NDIToolbox has been able to generate B-scans from ultrasonic data for a while now, but you had to know how to take slices of data. I just added a switch in the Megaplot presentation that will now do it for you automatically. Here’s what I’m talking about:
For comparison, here’s the usual Megaplot presentation:
Also available for testing is a new NDIToolbox installer for the Windows binary distribution. Tested to work under Windows 7 and 8. Available from the NDIToolbox Downloads page. As always I recommend downloading the Python version rather than the precompiled binary since it’s so much easier to keep up to date, but it might come in handy if you don’t want to install a bunch of dependencies and just want to get started right away.
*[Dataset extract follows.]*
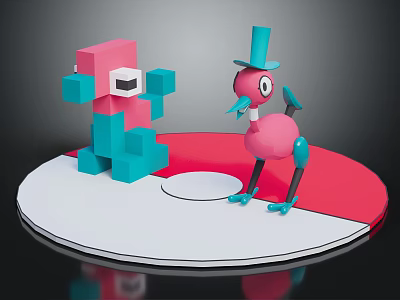 Pink Blue Block Characters And Top Hat Bird Creature On Red White Round Platform 3d model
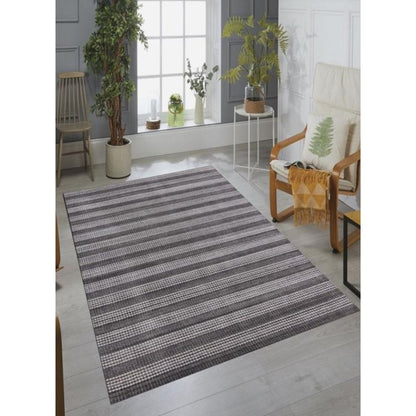 8' X 10' Dark Grey And Whie Hand Loomed Area Rug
Another update to NDIToolbox today, I’ve just added the ability to import data from a couple of ultrasonic NDT systems. These imports are still a little flaky because a) we haven’t finalized the HDF5 format we’ll be using in NDIToolbox and b) proprietary binary file formats being what they are, but for what it’s worth I’ve used them on the data I could get my hands on from some immersion tank scans done here @ TRI World HQ and elsewhere and they will at least let you display your data, so it’s a start. Hopefully I’ll be able to improve their functionality and add a few more importers as the project goes on.
Other recent but decidedly less interesting changes:
- Support for manual garbage collection – if you’re playing with large data and you get warnings about being out of memory, you can opt to clear some out to keep working. I’ll be implementing HDF5 slicing at some point so this is a temporary work-around.
- Fixed a bug in plugins-plugin support folders can now contain Python modules.
- All data retrieval functions now in a separate module (models/datio.py) so your code can use them directly.
As always, the source code is up on Bitbucket and a Windows binary is available as well. These changes will also find their way into NDIToolbox Labs – we’re still plugging away on integrating the Automated Data Analysis (ADA) Toolkit into Labs but making progress.